The series led to a book deal with Common Courage Press, a small, left-wing publisher in Maine whose titles attack the Bush administration and right-wing policies in preach-to-the-choir style. "When you look at something while you're standing on the ground, you say, 'Oh, that's no big deal,'" says Greg Bates, the publishing house's editor. "But when you're in an airplane and you can see everything laid out in front of you, you realize how big an issue it is and how frightening it can be. That's what Jennifer has done by making the Patriot Act accessible and explaining it in every detail. She takes the reader up in an airplane."
Indeed, The Twilight of Democracy, though dense and academic, succeeds in pointing out the flaws in the Patriot Act and the threats it poses to due process, habeas corpus, and other constitutional principles. Van Bergen also veers quite a bit, discussing, among other things, the coup in Haiti and the Free Trade of the Americas protest in Miami.
"I think the real value of the book is that it connects a broad range of issues that don't necessarily seem to be connected at first blush but in reality show that there are significant changes going on in the nature and structure of the American political system," says Peter Erlinder, a past president of the National Lawyers Guild and a professor at William Mitchell College of Law in St. Paul, Minnesota. "It's a call to defense of fundamental constitutional values."

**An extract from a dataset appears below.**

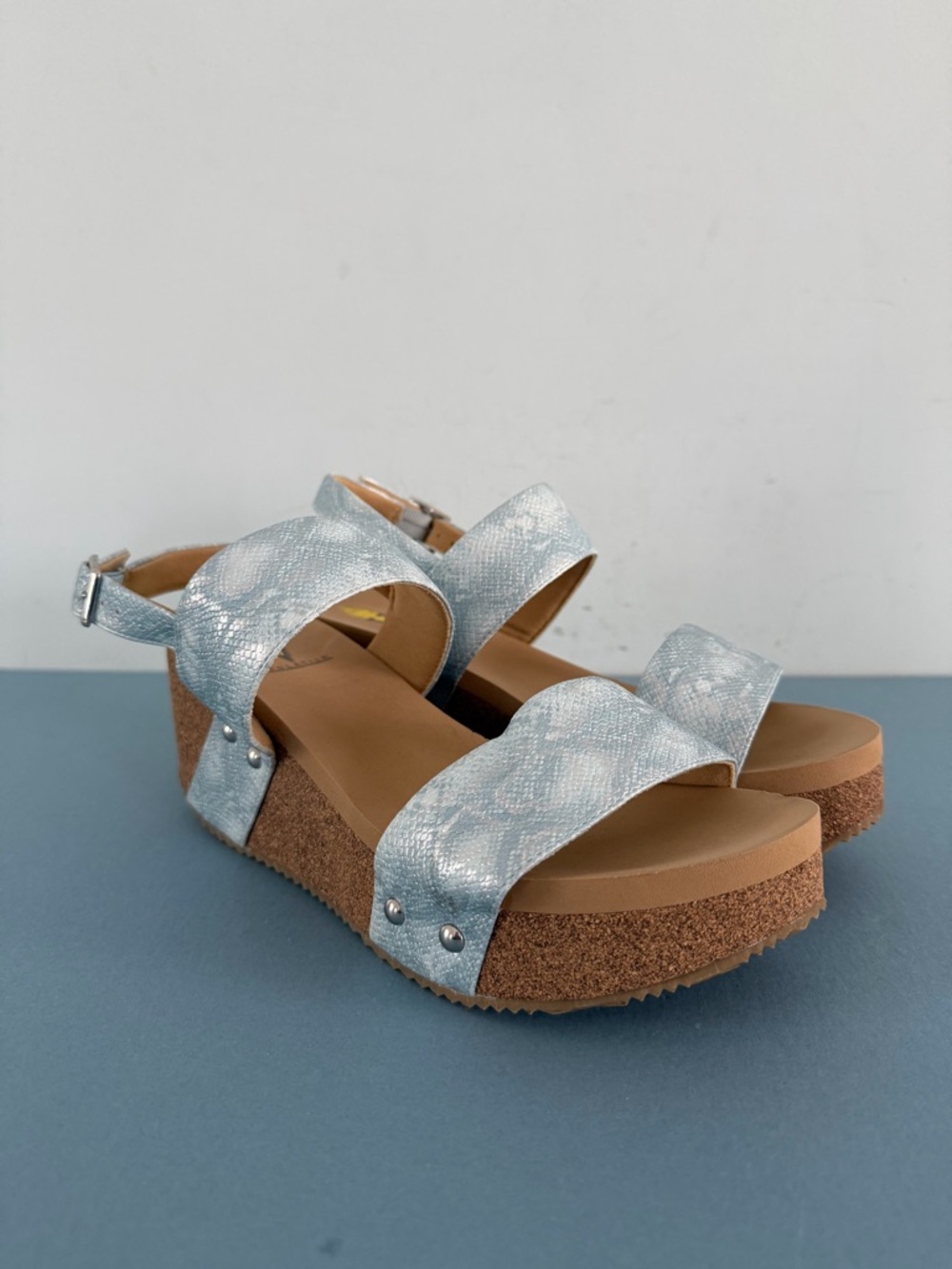 Volatile Summer Love Metallic‎ Blue Snakeskin Platform Wedge Sandals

Van Bergen's sound-the-alarm style likely won't inspire those who aren't already aiming for a way to oust Bush from the Oval Office. In fact, Van Bergen paints Bush not simply as a headstrong chief executive with little reverence for international law and multilateralism but as no less than a modern Caesar intent on creating a "fascist" empire headed by business cronies. In other words, the dash of doomsday is all too palpable in Van Bergen's prose.
Lightning flashes off the Broward coast, illuminating the inside of the Hallandale Beach apartment in a bright burst. Van Bergen looks out the window, recalling why she decided to write the book in the first place. "People think they don't need to know about constitutional rights or can't learn about them," she says. "They think that's what lawyers do. I'm trying to give that to the reader, make it easy for anyone to understand."